While immigration from England to New England had been a religious movement, immigration from New England to the Western Reserve was not: early northeast Ohio settlers were responding to economic pressures. Very few churches were built before 1830, almost thirty-five years after the Western Reserve had been surveyed. When settlers did begin to build churches, they followed the style they were used to in New England. This style derived from James Gibbs’ St. Martin-in-the-Fields in London, built between 1722 and 1726. Gibbs’ 1728 Book of Architecture was immensely influential in the American colonies and resulted almost immediately in the construction of the major eighteenth century churches of British North America in Philadelphia, Charleston and New York. More modest circumstances in New England dictated frame construction. A famous New England example of this is the First Congregational Church in Bennington, Vermont of 1804-5. Many settlers in the Western Reserve came from smaller communities than Bennington and they were accustomed to worshiping in smaller variants or at any rate they lived in small communities in Ohio which could only support smaller structures. Many small churches, similar to St. Christopher’s are still scattered over northeast Ohio. What by-and-large now distinguishes St. Christopher’s from other still standing Western Reserve churches built at the same time is not its style but the remarkable conservation of its structure and particularly its surroundings. Unfortunately many churches built at the same time as St. Christopher’s are now in poor repair and in discordant twentieth century surroundings, hedged in by tanning parlors and fast food establishments or surrounded by the emptiness of long abandoned communities.
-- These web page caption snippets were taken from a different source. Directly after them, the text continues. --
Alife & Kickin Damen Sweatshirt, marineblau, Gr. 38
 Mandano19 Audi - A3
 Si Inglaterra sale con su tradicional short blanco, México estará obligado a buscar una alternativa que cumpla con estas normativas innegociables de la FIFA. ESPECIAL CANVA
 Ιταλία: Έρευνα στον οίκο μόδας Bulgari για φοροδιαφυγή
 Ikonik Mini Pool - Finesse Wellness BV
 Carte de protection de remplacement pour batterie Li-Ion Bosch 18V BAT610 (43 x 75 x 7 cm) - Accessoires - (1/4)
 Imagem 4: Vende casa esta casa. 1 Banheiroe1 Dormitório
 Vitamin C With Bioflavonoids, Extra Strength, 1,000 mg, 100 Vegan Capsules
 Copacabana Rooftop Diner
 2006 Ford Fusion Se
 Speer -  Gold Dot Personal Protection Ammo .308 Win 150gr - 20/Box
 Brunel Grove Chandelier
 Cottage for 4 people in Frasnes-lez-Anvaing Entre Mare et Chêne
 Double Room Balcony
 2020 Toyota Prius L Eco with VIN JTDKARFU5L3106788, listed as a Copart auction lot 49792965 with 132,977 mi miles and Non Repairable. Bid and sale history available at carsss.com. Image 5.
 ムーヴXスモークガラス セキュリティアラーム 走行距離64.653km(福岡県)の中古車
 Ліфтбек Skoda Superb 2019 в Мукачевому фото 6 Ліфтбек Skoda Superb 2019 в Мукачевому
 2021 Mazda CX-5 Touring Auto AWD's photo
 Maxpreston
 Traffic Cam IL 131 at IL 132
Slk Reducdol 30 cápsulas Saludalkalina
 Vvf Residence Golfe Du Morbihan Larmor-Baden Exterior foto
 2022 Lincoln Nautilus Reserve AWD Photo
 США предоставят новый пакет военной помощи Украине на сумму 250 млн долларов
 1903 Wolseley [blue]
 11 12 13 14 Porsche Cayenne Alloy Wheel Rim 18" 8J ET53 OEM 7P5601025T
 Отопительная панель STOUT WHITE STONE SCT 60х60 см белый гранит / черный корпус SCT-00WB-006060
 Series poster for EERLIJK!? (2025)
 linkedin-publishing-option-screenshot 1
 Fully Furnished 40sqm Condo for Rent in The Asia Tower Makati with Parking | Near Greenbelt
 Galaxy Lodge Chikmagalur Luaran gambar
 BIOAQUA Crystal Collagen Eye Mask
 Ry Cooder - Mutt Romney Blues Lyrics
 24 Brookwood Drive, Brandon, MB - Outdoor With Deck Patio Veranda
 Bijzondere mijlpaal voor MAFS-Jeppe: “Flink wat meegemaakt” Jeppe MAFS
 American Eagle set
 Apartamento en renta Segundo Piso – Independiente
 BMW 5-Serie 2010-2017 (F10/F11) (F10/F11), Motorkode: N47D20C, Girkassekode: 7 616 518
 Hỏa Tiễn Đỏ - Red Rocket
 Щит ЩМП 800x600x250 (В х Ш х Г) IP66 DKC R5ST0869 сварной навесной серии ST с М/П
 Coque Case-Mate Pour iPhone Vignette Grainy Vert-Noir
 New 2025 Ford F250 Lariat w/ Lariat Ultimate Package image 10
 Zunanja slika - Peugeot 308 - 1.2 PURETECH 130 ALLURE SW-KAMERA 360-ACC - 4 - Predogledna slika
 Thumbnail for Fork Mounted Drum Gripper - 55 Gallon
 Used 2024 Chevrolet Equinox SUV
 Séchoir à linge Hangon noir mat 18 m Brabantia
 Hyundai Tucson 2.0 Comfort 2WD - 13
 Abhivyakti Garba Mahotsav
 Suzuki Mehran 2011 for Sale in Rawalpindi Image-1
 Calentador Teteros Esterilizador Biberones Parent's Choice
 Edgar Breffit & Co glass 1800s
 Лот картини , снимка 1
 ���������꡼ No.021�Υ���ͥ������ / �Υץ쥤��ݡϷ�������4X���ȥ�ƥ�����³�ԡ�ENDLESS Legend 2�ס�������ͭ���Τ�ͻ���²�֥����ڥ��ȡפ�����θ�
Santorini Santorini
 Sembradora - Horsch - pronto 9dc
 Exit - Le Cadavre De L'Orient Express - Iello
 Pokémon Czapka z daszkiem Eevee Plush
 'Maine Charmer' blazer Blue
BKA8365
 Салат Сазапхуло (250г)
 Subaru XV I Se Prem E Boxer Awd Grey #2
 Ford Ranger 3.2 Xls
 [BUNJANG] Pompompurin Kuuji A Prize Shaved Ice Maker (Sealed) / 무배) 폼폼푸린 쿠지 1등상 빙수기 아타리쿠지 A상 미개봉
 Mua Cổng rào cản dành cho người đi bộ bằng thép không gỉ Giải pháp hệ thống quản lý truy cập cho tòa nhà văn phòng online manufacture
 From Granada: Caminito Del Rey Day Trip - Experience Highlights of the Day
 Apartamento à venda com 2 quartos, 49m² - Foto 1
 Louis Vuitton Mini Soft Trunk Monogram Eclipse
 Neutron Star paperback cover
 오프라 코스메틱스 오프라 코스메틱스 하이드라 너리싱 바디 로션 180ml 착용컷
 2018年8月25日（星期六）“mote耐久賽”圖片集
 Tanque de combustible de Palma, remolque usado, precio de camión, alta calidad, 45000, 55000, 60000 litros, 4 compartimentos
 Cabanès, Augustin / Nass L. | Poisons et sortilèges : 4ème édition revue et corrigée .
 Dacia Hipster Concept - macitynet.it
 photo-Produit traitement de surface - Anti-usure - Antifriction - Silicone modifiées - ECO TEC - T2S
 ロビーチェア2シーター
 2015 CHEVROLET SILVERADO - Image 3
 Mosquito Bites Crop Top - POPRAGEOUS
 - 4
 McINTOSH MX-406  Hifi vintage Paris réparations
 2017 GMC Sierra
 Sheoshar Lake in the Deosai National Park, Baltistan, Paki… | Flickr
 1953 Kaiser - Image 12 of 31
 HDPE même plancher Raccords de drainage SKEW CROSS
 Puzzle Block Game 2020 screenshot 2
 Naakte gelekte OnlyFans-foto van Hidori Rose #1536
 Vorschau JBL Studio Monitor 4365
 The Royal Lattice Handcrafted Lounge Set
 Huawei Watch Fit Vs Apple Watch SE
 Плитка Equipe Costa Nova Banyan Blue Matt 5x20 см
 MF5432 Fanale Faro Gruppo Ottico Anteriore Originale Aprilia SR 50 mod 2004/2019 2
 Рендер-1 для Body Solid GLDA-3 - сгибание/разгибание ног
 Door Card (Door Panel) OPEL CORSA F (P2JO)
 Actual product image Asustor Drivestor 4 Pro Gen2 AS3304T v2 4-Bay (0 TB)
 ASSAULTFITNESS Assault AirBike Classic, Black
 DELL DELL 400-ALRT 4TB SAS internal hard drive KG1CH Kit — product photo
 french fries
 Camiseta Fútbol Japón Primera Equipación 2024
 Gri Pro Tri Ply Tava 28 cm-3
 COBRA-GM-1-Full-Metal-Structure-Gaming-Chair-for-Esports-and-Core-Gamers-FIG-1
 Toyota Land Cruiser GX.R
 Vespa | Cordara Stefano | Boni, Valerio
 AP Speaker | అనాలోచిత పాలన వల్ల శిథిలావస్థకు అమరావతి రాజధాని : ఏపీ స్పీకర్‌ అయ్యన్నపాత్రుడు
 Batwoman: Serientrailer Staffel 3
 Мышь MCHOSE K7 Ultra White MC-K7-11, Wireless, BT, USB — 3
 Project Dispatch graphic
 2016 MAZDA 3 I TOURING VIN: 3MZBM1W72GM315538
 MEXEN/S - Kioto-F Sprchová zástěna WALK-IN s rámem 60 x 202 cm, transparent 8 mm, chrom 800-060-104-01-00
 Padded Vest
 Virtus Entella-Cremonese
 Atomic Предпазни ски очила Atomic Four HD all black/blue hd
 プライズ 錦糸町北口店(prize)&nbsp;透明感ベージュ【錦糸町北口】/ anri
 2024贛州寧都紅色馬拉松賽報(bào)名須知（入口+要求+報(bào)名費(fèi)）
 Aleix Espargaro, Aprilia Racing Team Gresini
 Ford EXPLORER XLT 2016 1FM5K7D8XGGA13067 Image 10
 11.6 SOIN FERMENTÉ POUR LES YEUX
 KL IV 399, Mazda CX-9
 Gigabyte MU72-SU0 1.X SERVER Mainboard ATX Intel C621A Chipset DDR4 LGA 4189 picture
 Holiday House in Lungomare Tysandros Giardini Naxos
When Holsey Gates built what became St. Christopher’s in 1853, Franklin Pierce was President of the United States. Lincoln, after one term in congress, had abandoned politics for a lucrative law practice in Springfield. Grant was in Oregon about to resign his commission. Robert Lee, Superintendent of West Point, would have been the only one of the three who Holsey Gates might have been able to place.

Gates’ church (Holsey determined the plan and contributed the land and $800 to the $1,300 total cost) consisted of the present vestibule, the tower and the main body of the sanctuary, with its three windows on each side, as it is seen today. Comparison of this structure with small country churches of the period, such as that at Hale Farm and that in the early village in Chesterland, shows that this was a good-sized religious building for its time, testifying to the mid-century prosperity of Gates Mills. This makes it surprising that the church never enjoyed a full-time pastor during its first seventy-five years and was always served by a circuit Methodist clergyman.

Gates Mills did not prosper after the Church was built. The community we see today was the result of two complementary developments at the beginning of the twentieth century: 1) the Cleveland and Eastern Railway which provided seventy minute service to Public Square and 2) the Maple Leaf Land Company which recreated an early nineteenth century village on 2,000 acres on either side of the river. This development was a manifestation of the early twentieth century historicist movement which would culminate in the Williamsburg restoration which began in 1927.

There have been Sunday services without interruption at what is now St. Christopher’s for 150 years. Episcopal Vesper Services on Sundays during the summer began in 1906. By 1926 approximately 34% of the population of Gates Mills was Episcopalian, 23% Methodist, 20% belonged to other denominations and 24% had no religious affiliation. The Methodist Trustees and their District Superintendent met with the Dean of Trinity Cathedral, the Archdeacon, and both Episcopal Bishops and decided to transfer the building, with the permission of the Gates family, to the Episcopal Church.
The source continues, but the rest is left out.